歴史ドラマを柱のひとつに掲げるチャンネル銀河にふさわしい番組が2月に登場する。朝鮮王朝建国の立て役者の生涯を描いた「チョン・ドジョン<ノーカット字幕版>」がそれだ。
時代は14世紀。高麗王朝が腐敗にまみれていたときに現れたのが、高潔な理想を胸に、民が主人公となる国家建設を目指す男、チョン・ドジョンである。
低い地位にありながら、国の現状を憂い、国王に上訴を提出。政治的な力を持つイ・イニムによって国王が殺され、自身も流罪になるなど、権力という大きな壁に幾度も阻まれるものの、ドジョンはあきらめない。
やがて親友と袂を分かち、敵対することとなっても、革命の道を突き進み、朝鮮王朝の建国者である太祖ことイ・ソンゲを王に導いていくのである。
理想を掲げて孤独に闘うその姿は、まるで幕末を熾烈に走り抜いた我らがヒーロー坂本龍馬のよう。ましてやそこは陰謀渦巻く恐ろしい世界だ。熱く、気持ちを昂ぶらせずにはいられないだろう。
韓国歴史ドラマファンにとっては、これまで数多くの人気ドラマの舞台となってきた朝鮮王朝がいかに誕生したのか、その歴史が紐解けるのも楽しみなところだ。
また、明や元といった高麗王朝を揺さぶった周囲の国との関係も丁寧に描かれている。さらには“倭寇(わこう)”が登場するのも興味深い。日本もまたこの物語に関わっているのだ。
徹底した時代考証によって描かれる骨太な正統派歴史ドラマ。歴史を築いてきた人間が伝えてくれるものを、しっかり受け止めたい。
大内弓子:ライター。ドラマ、映画、演劇分野でインタビュー記事、作品評などを多数執筆。

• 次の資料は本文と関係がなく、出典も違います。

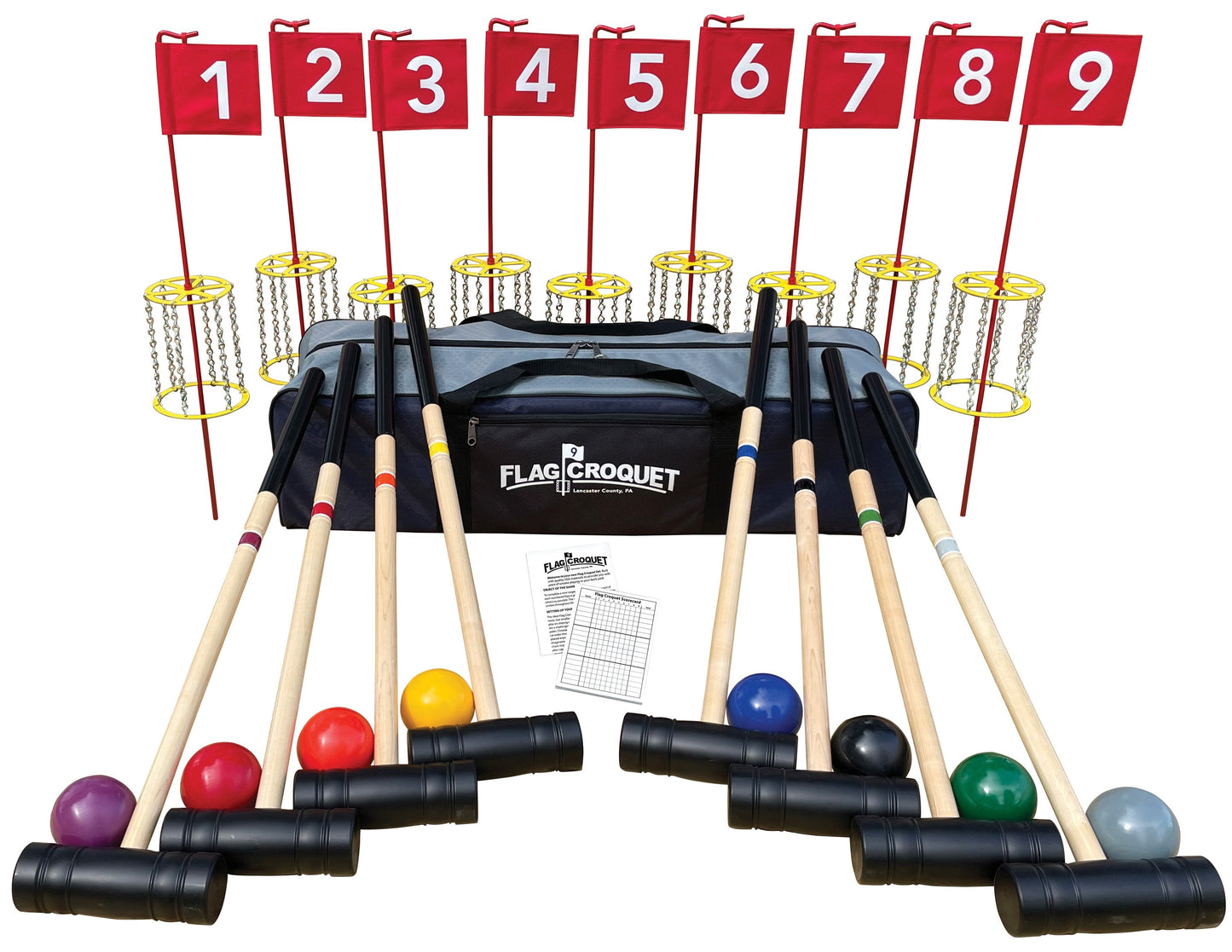 Amish-Made Deluxe Flag Croquet Golf Game Set, With Duffel Carry Bag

韓国歴史ドラマ『チョン・ドジョン』<ノーカット字幕版>
放送日:2016年2月22日(月)スタート!月-金 朝8:30~/夜9:30~
番組ページ:http://www.ch-ginga.jp/feature/jung-dojun/
【ストーリー】
14世紀高麗恭愍(コンミン)王末期、王妃魯国(ノグク)公主の霊殿工事と恭愍王の狂気によって高麗がますます沒落している頃、 成均館(ソンギュンガン)の末端官職で儒学者のチョン・ドジョンは恭愍王に民心を察して国を統治するように上訴を提出する。しかし恭愍王が読む前に、朝廷の第二権力者である宰相イ・イニムは上訴を横取りし、さらに恭愍王の後継ぎが賎出出身という噂を流そうと企てる。チョン・ドジョンとチョン・モンジュなど 成均館の学官たちは、高麗の未来のためにイ・イニムを含めた高麗の腐った勢力を弾劾しようと奮起するが、末端官吏の彼には何の権限もなく、イ・イニムに楯突いたことで流罪になってしまう。
流刑の地で新たな国を開く決意を固めたチョン・ドジョンは、多くの外敵と戦ってきた武人イ・ソンゲを次の王にふさわしい人物だと見込むのだった。